The Scoop on Secret Eats in Hell’s Kitchen

Hell Yeah: The chef-owner of New York City's only Druse restaurant shows off her super-thin pita making skills on a recent Rum & Blackbird tour.
Hell’s Yeah: The chef-owner of New York City’s only Druse restaurant shows off her super-thin pita making skills on a recent food walking tour. Photo courtesy Rum & Blackbird.

Apparently we were too busy plotting our Memorial Day barbecue (where a 3-pound man steak from the Meat Hook, kielbasa from Greenpoint’s Polish butcher shops and Greenmarket potato salad were on the menu) to remind you last week that yet another episode of our Heritage Radio Network show on local food culture has been posted to the interweb. (Though if you subscribed by iTunes, you’d know that by now.)

This one is a good one: We tapped Moira Campbell, who runs the food walking tours called Rum & Blackbird, to talk about Hell’s Kitchen. Campbell focuses not just on an area’s eats, but on the history, culture and meaning behind them, and we wanted her to talk about her work (organizing food walking tours where the cooks and bakers actually stop to talk to the visitors are way harder than you’d think) and her flagship tour through the surprisingly diverse Manhattan hood that’s been her home for many years.

Many city chowhounds, even those who consider themselves among the chowiest of chows, might scorn the Kitchen as a subpar feeding grounds, but Campbell can prove them wrong. And if it’s the skinny on the secret eats of the nabe you’re after — flaky thin pita made entirely from olive oil, housemade Israeli goat cheese, the undersung taquerias of the far far west side, super-duper milk shakes, the city’s best biscotti, Greek pastries, South American empanadas and so on — then we suggest you listen to part two of the show, where Campbell lays down one by one the seven spots (and then some) you’ll sample when you take one of her tours. (Plus, did we mention we play Follow the Leader by Eric B. & Rakim?)
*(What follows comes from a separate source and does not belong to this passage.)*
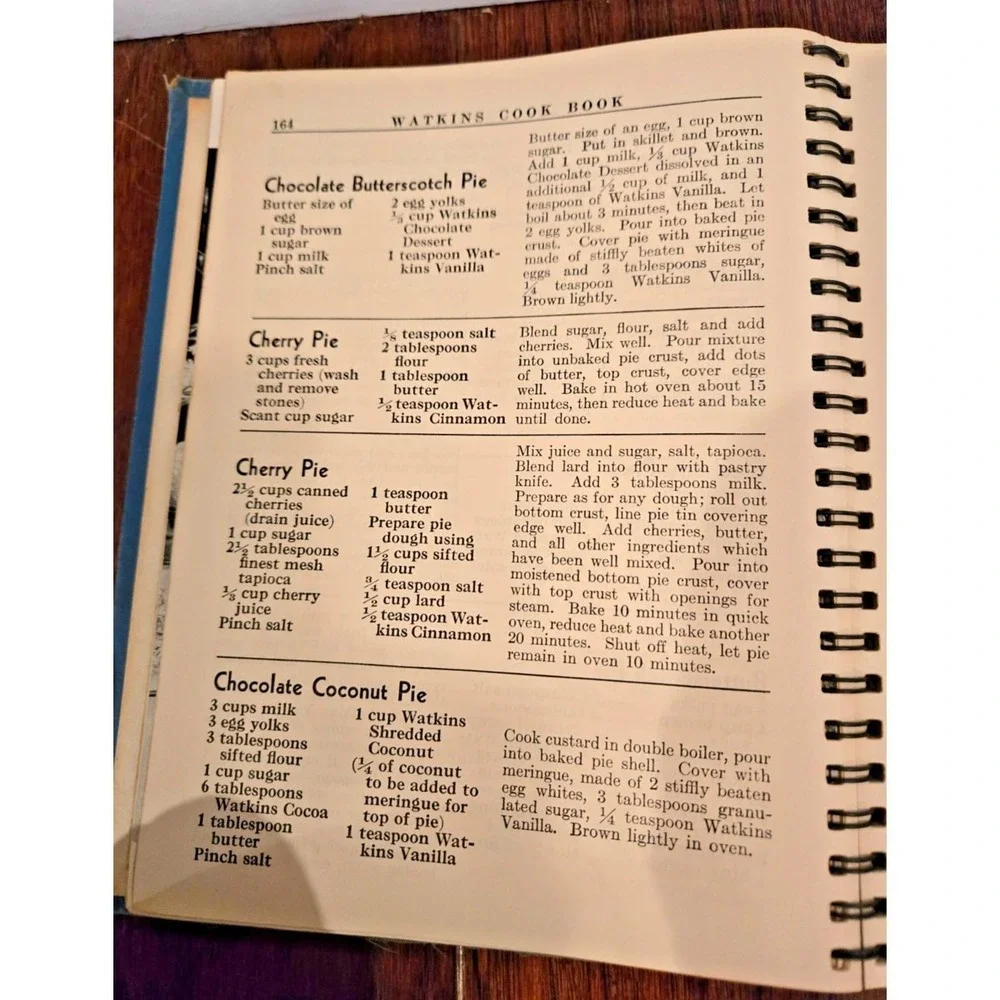 WATKINS COOKBOOK 1948 Spiral Bound by‎ J. R. Watkins Co Vintage 8th edition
But if it’s the whole picture you’re looking for — why the chef makes their dish and how, what that food means in their part of the world, or what all these cooks are doing way west of Eighth Avenue anyhoo and when did they get there — all questions any good Edible reader should be asking, then you gotta take the tour. Hell (couldn’t resist that one), there’s one this morning in an hour, one tomorrow afternoon and one this Saturday at 11:30 a.m., and we’re thinking pretty hard about going.